**TASK TO CARRY OUT**
Only one stretch of the material below is wanted: everything from the line containing "Kittens! - 'So" down to the line containing "Maiden Hair Bush", both ends included. Repeat it exactly and skip the pictures.

====== INPUT RECORDS ======

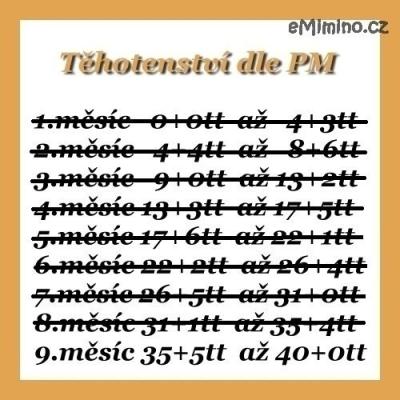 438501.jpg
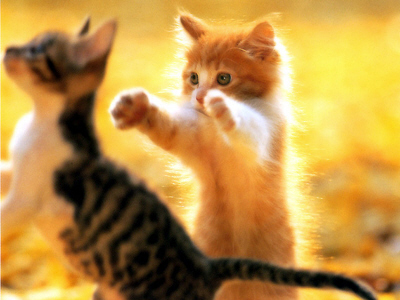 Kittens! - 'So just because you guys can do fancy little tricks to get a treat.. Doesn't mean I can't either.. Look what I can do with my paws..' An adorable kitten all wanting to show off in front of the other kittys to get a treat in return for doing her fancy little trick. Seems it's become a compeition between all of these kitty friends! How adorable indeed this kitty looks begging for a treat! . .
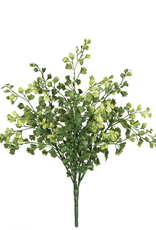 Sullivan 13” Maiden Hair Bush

======
====== INPUT RECORDS ======

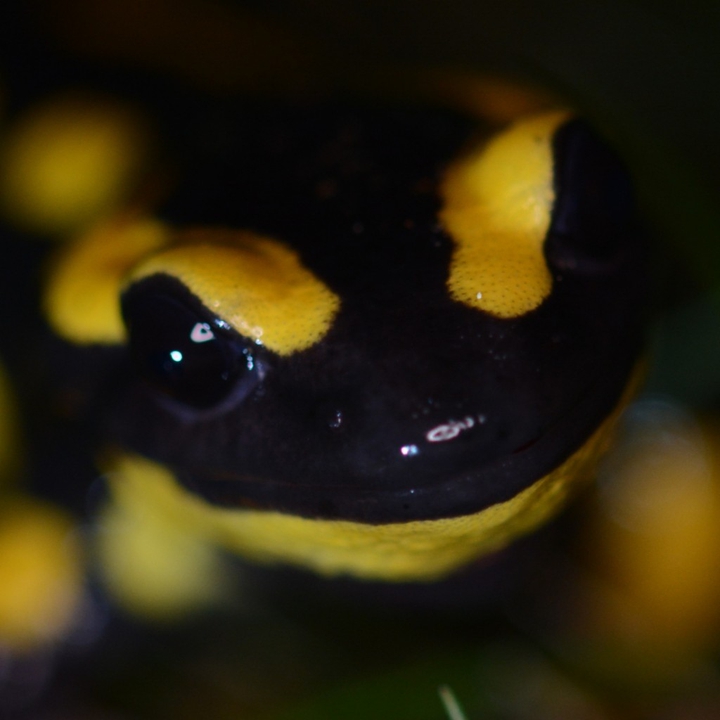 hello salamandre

======

**PROBLEM SOLUTION**
 Kittens! - 'So just because you guys can do fancy little tricks to get a treat.. Doesn't mean I can't either.. Look what I can do with my paws..' An adorable kitten all wanting to show off in front of the other kittys to get a treat in return for doing her fancy little trick. Seems it's become a compeition between all of these kitty friends! How adorable indeed this kitty looks begging for a treat! . .
 Sullivan 13” Maiden Hair Bush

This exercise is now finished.